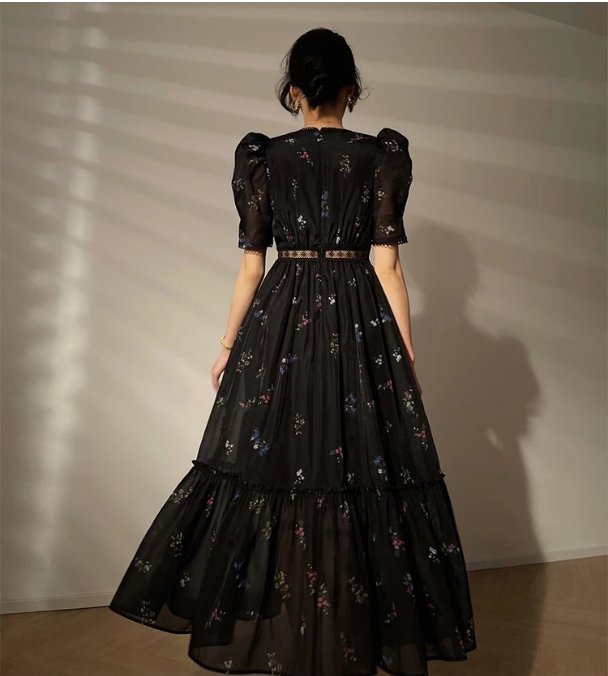 Vintage Čierne Šaty S Výstrihom Do V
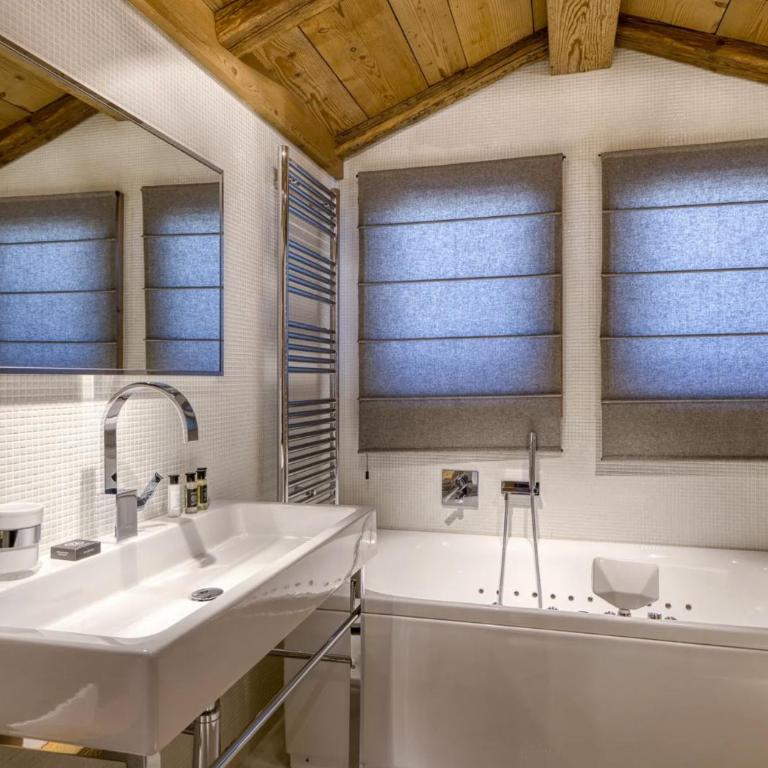 Generous Chalet In Courchevel - Chalet - 18
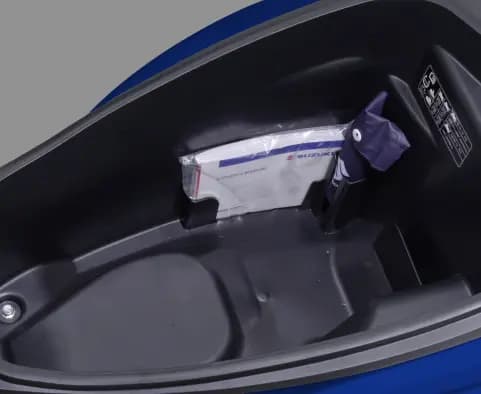 Underseat Storage (21.5L) menyediakan ruang luas di bawah jok untuk menyimpan helm half face, jas hujan, atau barang pribadi. Dengan kapasitas 21,5 liter, barang bawaan tersimpan rapi dan aman selama berkendara.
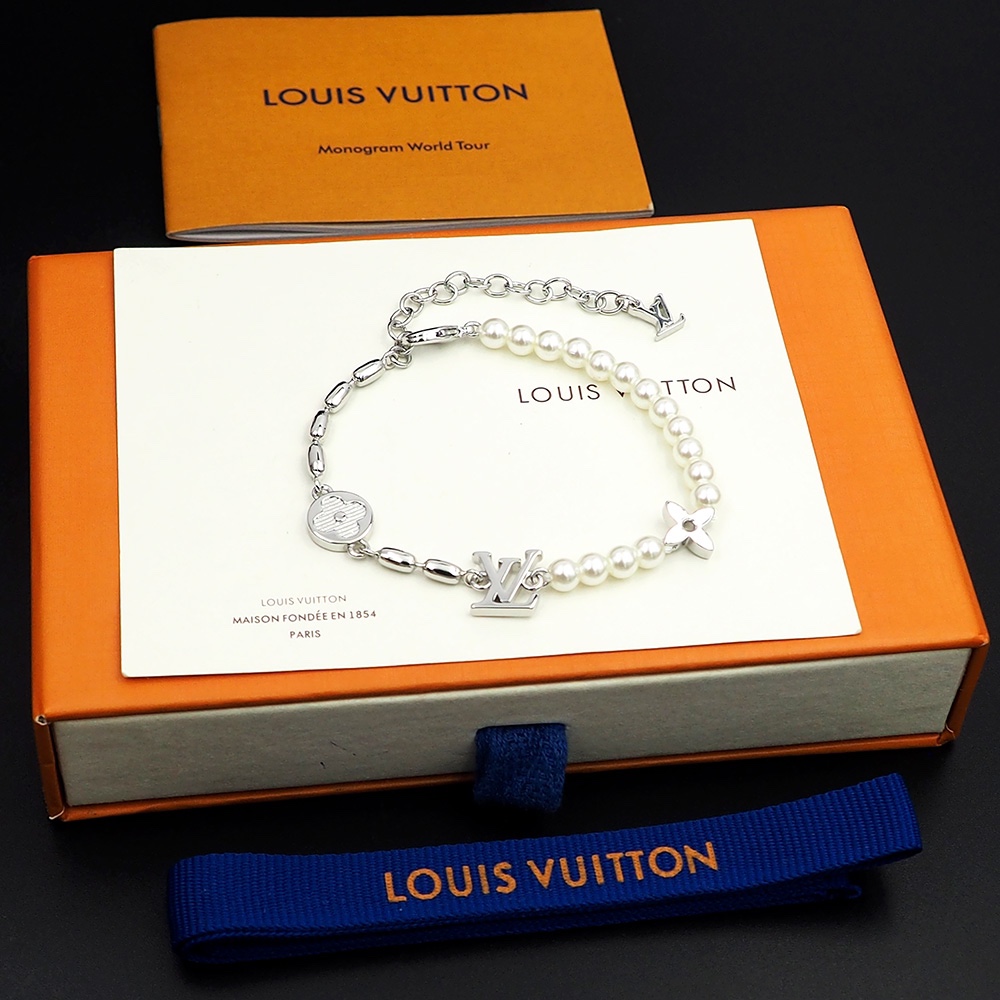 Louis Vuitton Pearls Fusion Bracelet   M1556A - EUR FASHION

+++

*Exercise requirements:*
Repeat the data above exactly, but not the pictures.

*Result below:*
 Vintage Čierne Šaty S Výstrihom Do V
 Generous Chalet In Courchevel - Chalet - 18
 Underseat Storage (21.5L) menyediakan ruang luas di bawah jok untuk menyimpan helm half face, jas hujan, atau barang pribadi. Dengan kapasitas 21,5 liter, barang bawaan tersimpan rapi dan aman selama berkendara.
 Louis Vuitton Pearls Fusion Bracelet   M1556A - EUR FASHION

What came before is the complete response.